My dear Miss Doane:

What mental blindness led me to give you such a book? What demon of perversity tempted you to send me such a review of Miss Addams’s Hull-House heresies? You know my abhorrence of our “kind-hearted materialism” (so you call it), yet you calmly write me a long panegyric on this last outbreak of humanitarian unrighteousness—unrighteousness, I say, vaunting materialism, undisciplined feminism, everything that denotes moral deliquescence. Of course I see the good, even the wise, things that are in the book, but why didn’t you expose the serpent that lurks under the flowers?

As a matter of fact, what is good in the book is old, what is bad is new. Do you suppose that this love of humanity which has practically grown into the religion of men,—do you suppose that this was not known to the world before?

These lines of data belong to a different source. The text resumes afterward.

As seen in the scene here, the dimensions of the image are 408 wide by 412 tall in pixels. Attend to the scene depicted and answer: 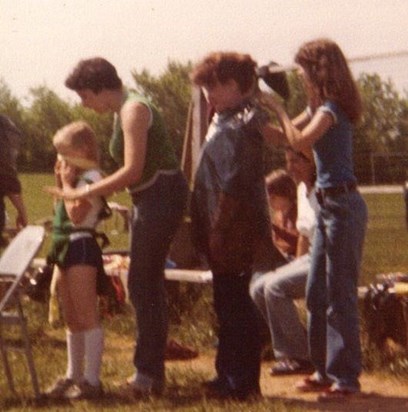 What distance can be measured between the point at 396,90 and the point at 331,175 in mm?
4062

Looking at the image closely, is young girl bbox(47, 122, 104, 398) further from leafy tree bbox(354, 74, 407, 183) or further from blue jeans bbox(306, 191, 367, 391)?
leafy tree bbox(354, 74, 407, 183)

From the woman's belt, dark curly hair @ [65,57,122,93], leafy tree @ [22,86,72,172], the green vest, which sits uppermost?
dark curly hair @ [65,57,122,93]

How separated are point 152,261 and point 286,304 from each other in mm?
1136

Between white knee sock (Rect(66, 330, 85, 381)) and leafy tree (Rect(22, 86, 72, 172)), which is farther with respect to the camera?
leafy tree (Rect(22, 86, 72, 172))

The necessity of union and social adhesion was seen clearly enough in the Middle Ages. The notion that morality, in its lower working at least, is dependent on a man’s relation to the community, was the basis of Aristotle’s Ethics, who made of it a catchword with his politikon zôon (your father will translate it for you as “a political animal”). The “social compunction” is as ancient as the heart of man. How could we live peacefully in the world without it? Literature has reflected its existence in a thousand different ways. Here and there it will be found touched with that sense of universal pity which we look upon as a peculiar mark of its present manifestation. In that most perfect of all Latin passages does not Virgil call his countryman blessed because he is not tortured by beholding the poverty of the city—

neque ille Aut doluit miserans inopem, aut invidit habenti?

And is not the Æneid surcharged with pitying love for mankind, “the sense of tears in mortal things”? So the life and words of St. Francis of Assisi are full of the breath of brotherly love—not brotherhood with all men merely, but with the swallows and the coneys, the flowers, and even the inanimate things of nature. And the letters of St. Catherine of Siena are aflame with passionate love of suffering men.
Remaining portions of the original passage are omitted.